Lamar Grier

Feb 20, 2020 | Welcome Column

When the February issue of Bluegrass Unlimited came through my letter box I was greatly saddened to read of the death of Lamar Grier. I have always regretted missing Bill Monroe and the Blue Grass Boys on their first visit to the UK in 1966. They even played in my home town of Norwich on a date when I had to be away at college – definitely bad management on my part! I later heard rave reviews from friends, including particular praise for the “young lad” who Monroe had brought over on banjo. Lamar Grier was actually aged 28 at the time but I guess he still looked a youngster compared with Bill.

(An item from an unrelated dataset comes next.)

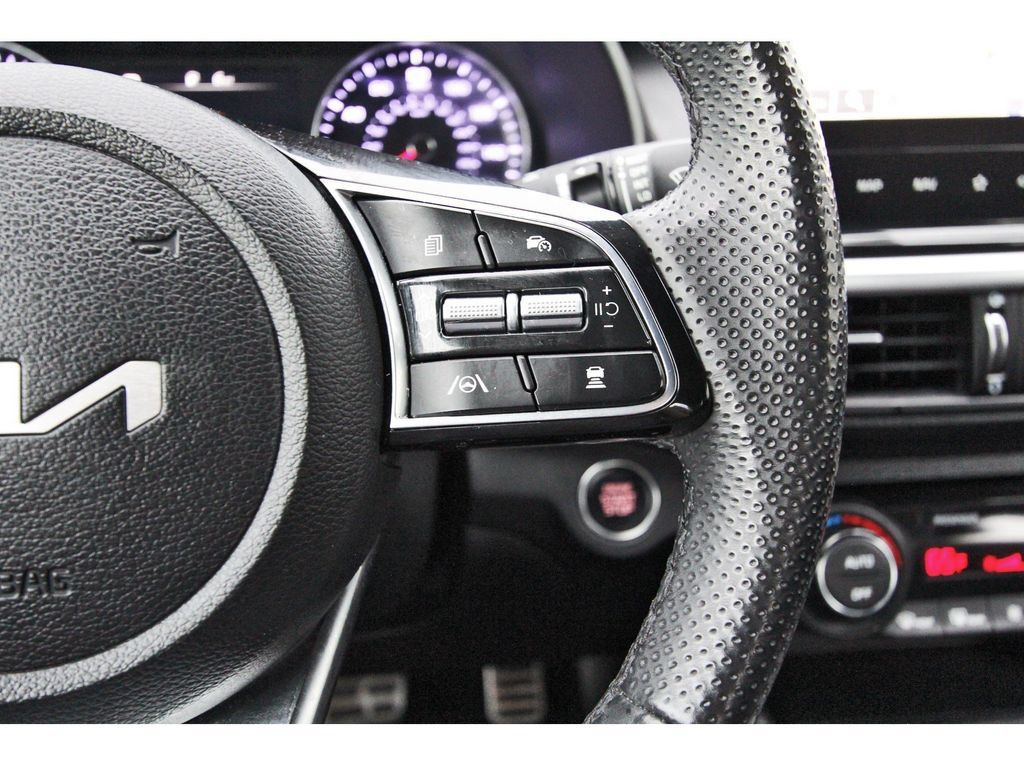 Used 2023 Kia Forte GT-Line w/ GT-Line Technology Package FWD image 20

Since then I’ve always listened out for Lamar Grier in my collection of recordings and on the internet. He did a detailed interview with Hub Nitchie in Banjo Newsletter July 1978 which you can now read on line at the BNL website – https://banjonews.com/1978-07/interview_with_lamar_grier.html Years later Lamar also spoke at great length to Jim Moss – see http://candlewater.com/interviews/LamarGrier_Part1/ Lamar seems always to have been very frank and open about the way he thought about the banjo and how he wanted it to sound. His major influence was Earl Scruggs, but he had his own variations in timing , often syncopating the syncopations, an approach which he also found in the guitar playing of Clarence White. This did not always coincide with Monroe’s ideas. Lamar heard of a comment Bill had made about him to someone else: “I don’t know about that boy. I don’t know whether he’s playing it right or wrong.” Lamar wasn’t sure whether to take that as a compliment or not! And he was not particularly into melodic style playing (which was in the ascendant in the 1960s). However, Monroe required him to play certain tunes that way, including the first part of Lamar’s (impressive!) banjo break on Turkey In The Straw, recorded in 1966.

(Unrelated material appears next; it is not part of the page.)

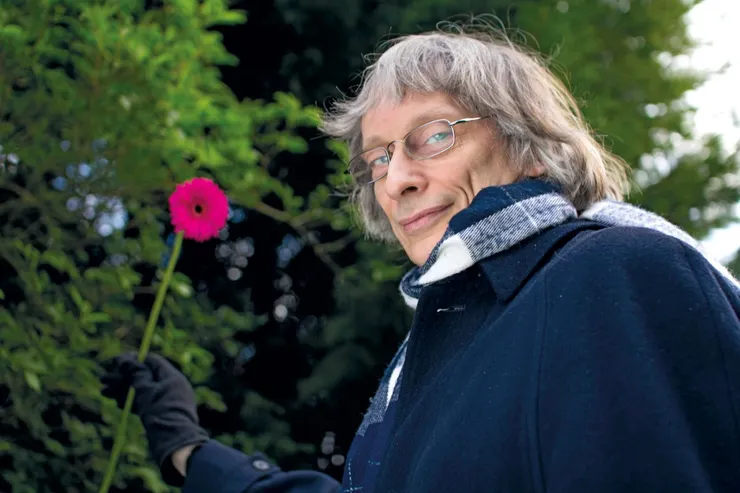 大衛·多伊奇 (David Deutsch)。英國物理學家，被譽為量子計算理論的奠基人之一。他在 1985 年正式提出了通用量子圖靈機模型，並在理論上確立了 CNOT 閘 與單一量子閘的組合是實現所有量子運算的通用閘集合（Universal Quantum Gate Set）。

Lamar Grier was clearly an individualist when it came to playing music. At the forefront of bluegrass developments in the 1960s, he had given up playing in public by 1985, at the same time taking a new job with the United States Government, where he stayed until he retired in 1998. By this time his son David was established as probably the best flatpicking bluegrass guitarist in the business. David Grier had been entranced as a child by listening to his dad’s tapes of Clarence White and had also been helped in his early years by Clarence’s brother Roland. The musical thread from father to son is clear!

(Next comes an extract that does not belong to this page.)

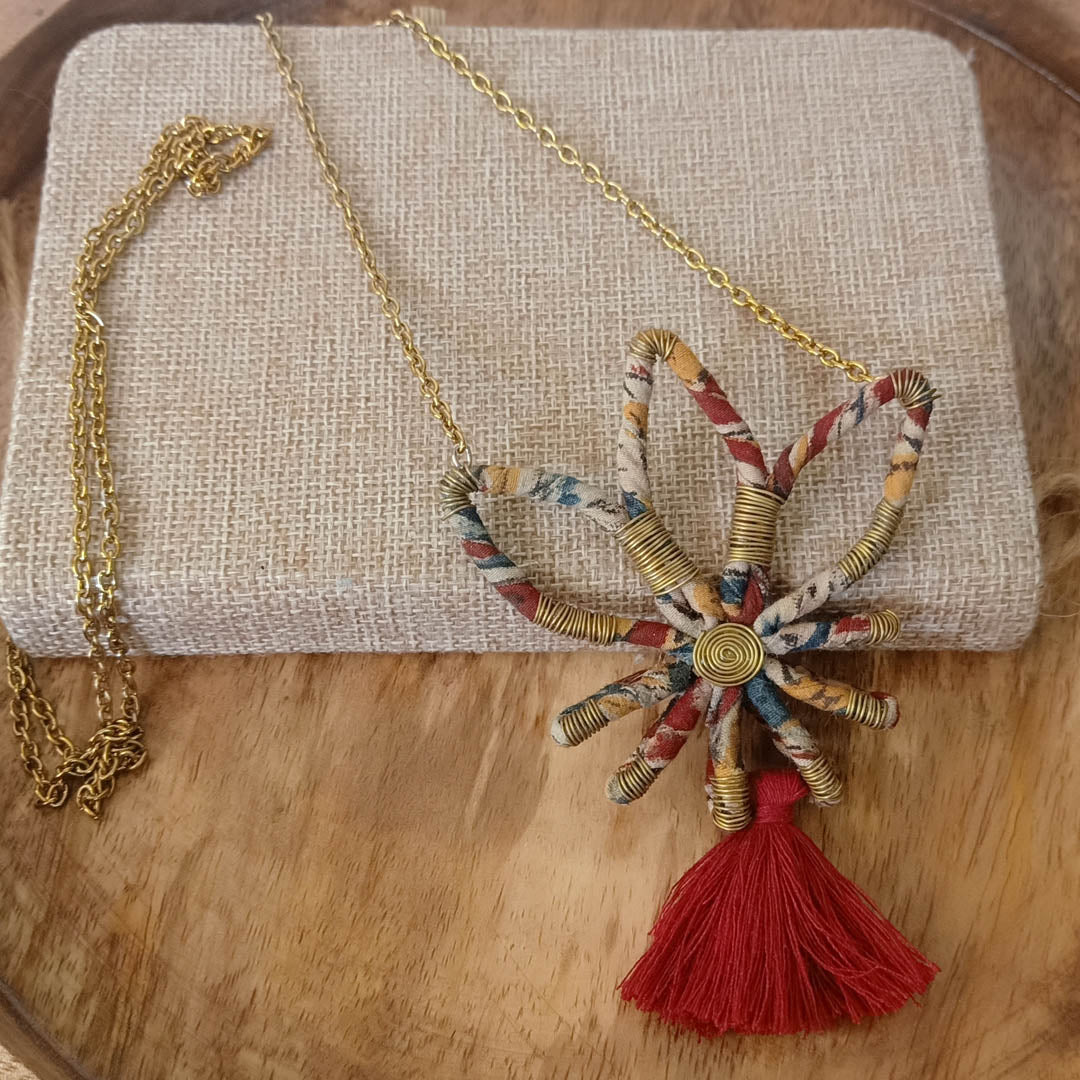 Kalamkari lotus neckpiece - www.silayi.in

Gary Reid’s obituary for Lamar Grier is in the February issue of Bluegrass Unlimited. Gary includes references to the main recordings on which Lamar participated including the tracks on Bill Monroe’s Bluegrass Time LP, the superb recordings of Hazel Dickens and Alice Gerrard on Folkways, and the Strange Creek Singers album on Arhoolie with Hazel and Alice plus Mike Seeger and Tracy Schwarz. By 1981 Lamar had made his final recordings, on Buzz Busby’s Webco release A Pioneer of Traditional Bluegrass. It is a gift to us that we can still listen to the music of Lamar Grier. He was a dedicated and inspired musician whose heart was in the music that he played. May he rest in peace.